Featured label
Research

Introducing “Reading Recognition in the Wild”: A dataset for understanding human behaviors during reading from egocentric sensor suite

June 4, 2025 · 5 min read

Key Takeaways

    • Reading in the Wild is a large-scale multimodal dataset comprising 100 hours of reading and non-reading videos captured in diverse and realistic scenarios using Project Aria from 100+ participants.
    • The dataset features video, eye gaze, and head pose sensor outputs, created to help solve the task of reading recognition from wearable devices. Notably, this is the first egocentric dataset to feature high-frequency eye-tracking data collected at 60 Hz.
    • We have developed a lightweight and flexible model for reading recognition with high precision and recall by utilizing RGB, eye gaze, and head pose data. Detailed performance analysis and capabilities of the model are available in our technical report.

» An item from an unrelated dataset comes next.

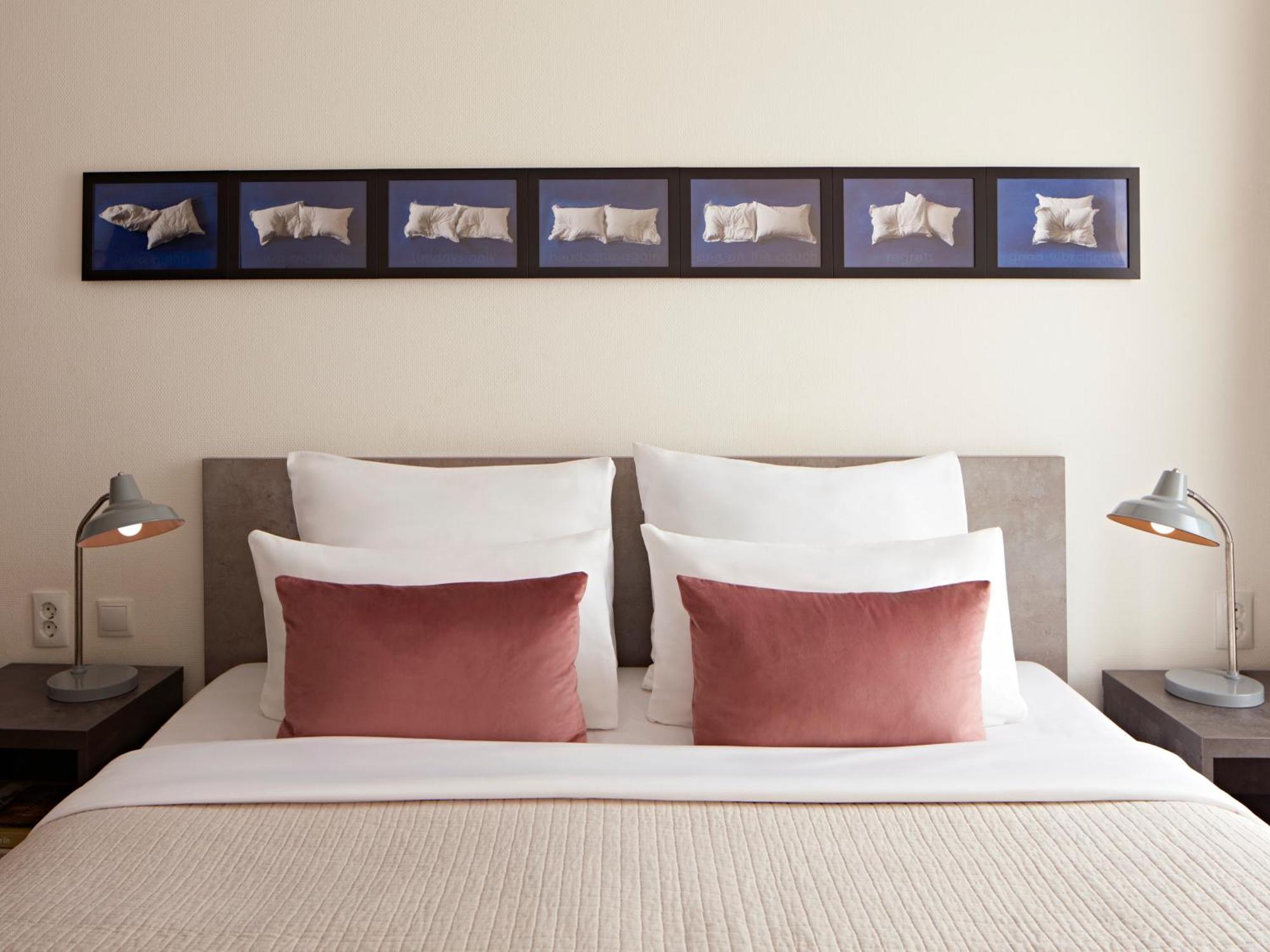 Large 2 Bedroom Apartment Sofa Bed Canal view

Reading Recognition for Advancing Contextual AI

Reading is a fundamental human activity that forms the basis of communication, entertainment, and learning. It spans a wide range of mediums, from handwritten notes and printed books to digital screens and environmental signage. The future of AI relies heavily on understanding the user's physical context. Smart glasses, like the Meta Ray-Ban, offer a promising form factor that bridges visual AI with the real world, enabling personalized, contextual experiences. In this context, the ability to recognize when the user is reading is essential for developing AI that is truly personalized and contextually aware. This capability allows devices to understand what a user has read and where they can assist, enhancing the user's interaction with the world.

A significant challenge in this domain is the scarcity of data for large-scale, real-world reading recognition. Previous reading datasets were collected in controlled settings, where participants read lengthy texts on large screens with front-facing eye-tracking cameras. This approach limits the scale, diversity, and realism of the data. Moreover, effective reading recognition requires leveraging multi-modal information. Simply having text in the field of view does not guarantee that the user is reading it, making it difficult to to solve using visual information alone. Similarly, a horizontal eye gaze pattern does not always indicate reading activity. Additionally, any solution must be efficient enough for real-time, always-on operation, given the practical constraints of all-day wearable devices. Current Optical Character Recognition (OCR) technology demands high-resolution images, resulting in significant power consumption. However, reading recognition can act as an efficient proxy, triggering OCR only when the user is actively engaged with reading material.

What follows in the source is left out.